College of Engineering News • Iowa State University

Student Innovation Center construction crew building a common ground for collaboration

Alli Weaver
A digital representation of what the SIC will look like when finished

Construction on the Student Innovation Center began in March 2017 and is scheduled to be completed in early 2020, according to Leroy Brown, Iowa State University’s construction manager.

The construction crew is not only building a structure, but a common ground for teams to collaborate and innovate – a glass building with the ability to let light and new ideas shine through.

The SIC is set to open in spring 2020 with the mission to “be a destination that inspires students to innovate through experimentation, interdisciplinary collaboration and free exchange of ideas in an inclusive environment.”
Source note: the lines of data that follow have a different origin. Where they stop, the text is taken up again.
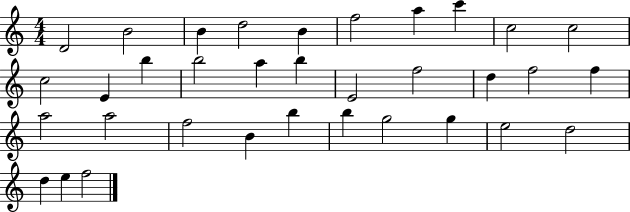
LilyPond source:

{
  \clef treble
  \numericTimeSignature
  \time 4/4
  \key c \major
  d'2 b'2 | b'4 d''2 b'4 | f''2 a''4 c'''4 | c''2 c''2 | \break c''2 e'4 b''4 | b''2 a''4 b''4 | e'2 f''2 | d''4 f''2 f''4 | \break a''2 a''2 | f''2 b'4 b''4 | b''4 g''2 g''4 | e''2 d''2 | \break d''4 e''4 f''2 | \bar "|."
}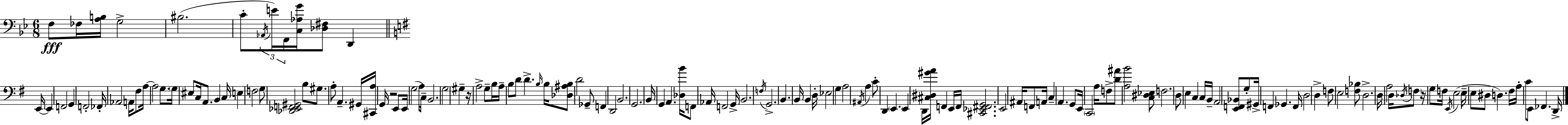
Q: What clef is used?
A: bass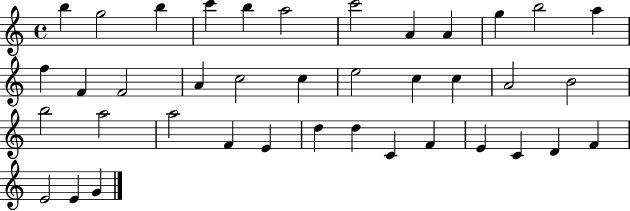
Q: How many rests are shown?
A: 0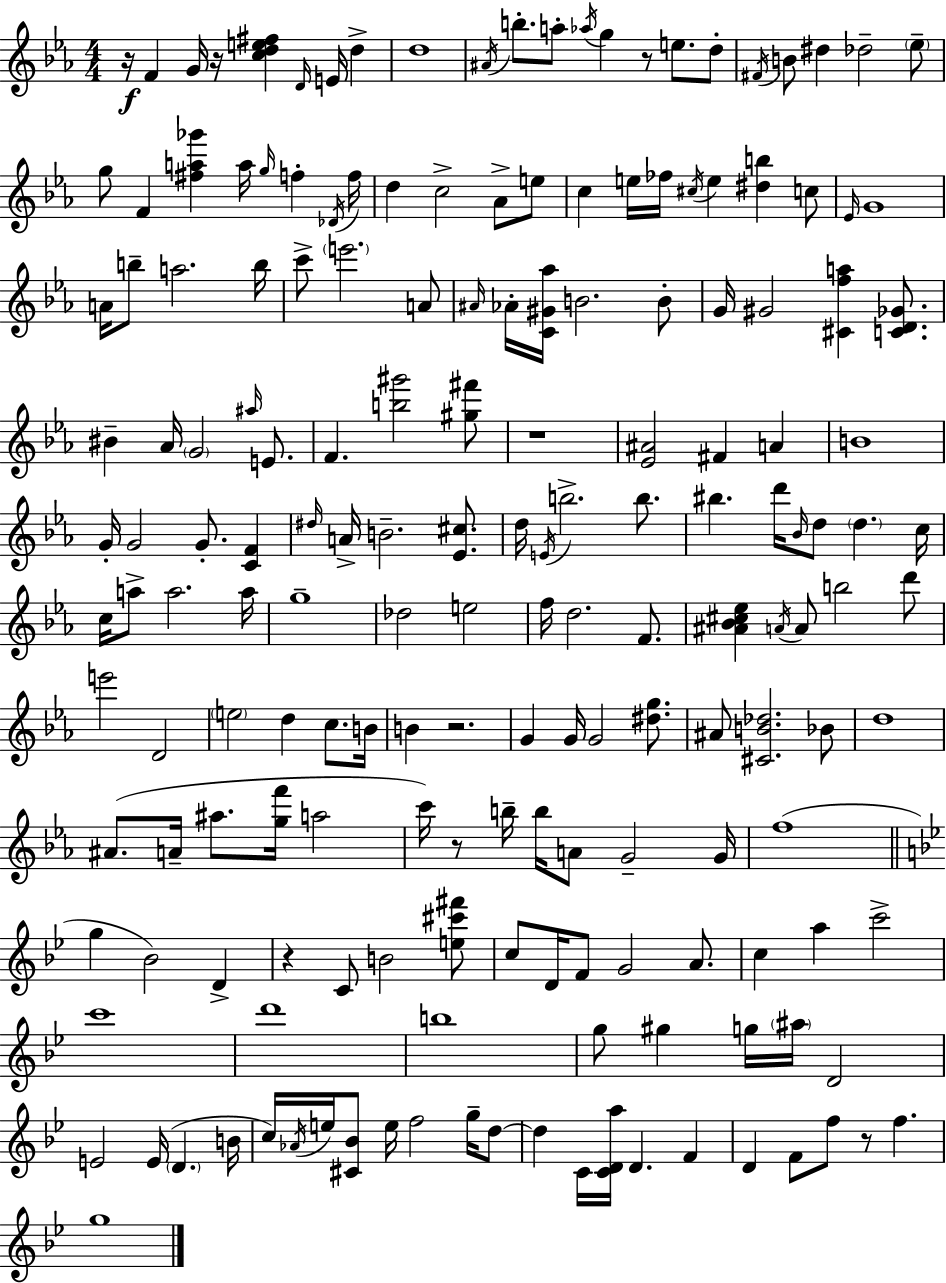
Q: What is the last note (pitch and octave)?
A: G5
“This building will provide a much-needed space for students to gather and collaborate on a multitude of different projects,” Brown said.

The crew works on multiple levels, from down in the dirt to high in the air to make innovations of many shapes and sizes possible in the SIC.

Alli Weaver
A crew member on the top floor attaches equipment to the crane’s hanging cord.

An innovative design for an innovation building

The 140,000-square-foot SIC will be made mostly of glass, produced and assembled overseas, according to Brown.

“It is precision work that has to be closely monitored,” Brown said. “While I’ve done several large-scale projects for the university, this one is different because of the glass envelope.”

The glass will be shipped across the ocean in cargo containers, which will then be shipped by rail to Kansas City, according to Brown. From there, trucks will transport them to the jobsite.

Alli Weaver
The crew works on multiple levels to ensure that innovations of many shapes and sizes will be possible in the SIC.

According to Brown, the size of the crew varies from day-to-day, depending on the stage of construction. As of August, there are about 70 tradesmen onsite, which will increase to around 155 at the peak of construction around late next spring to early next summer.

“While it’s a challenge, it’s exciting to see it all come together,” Brown said.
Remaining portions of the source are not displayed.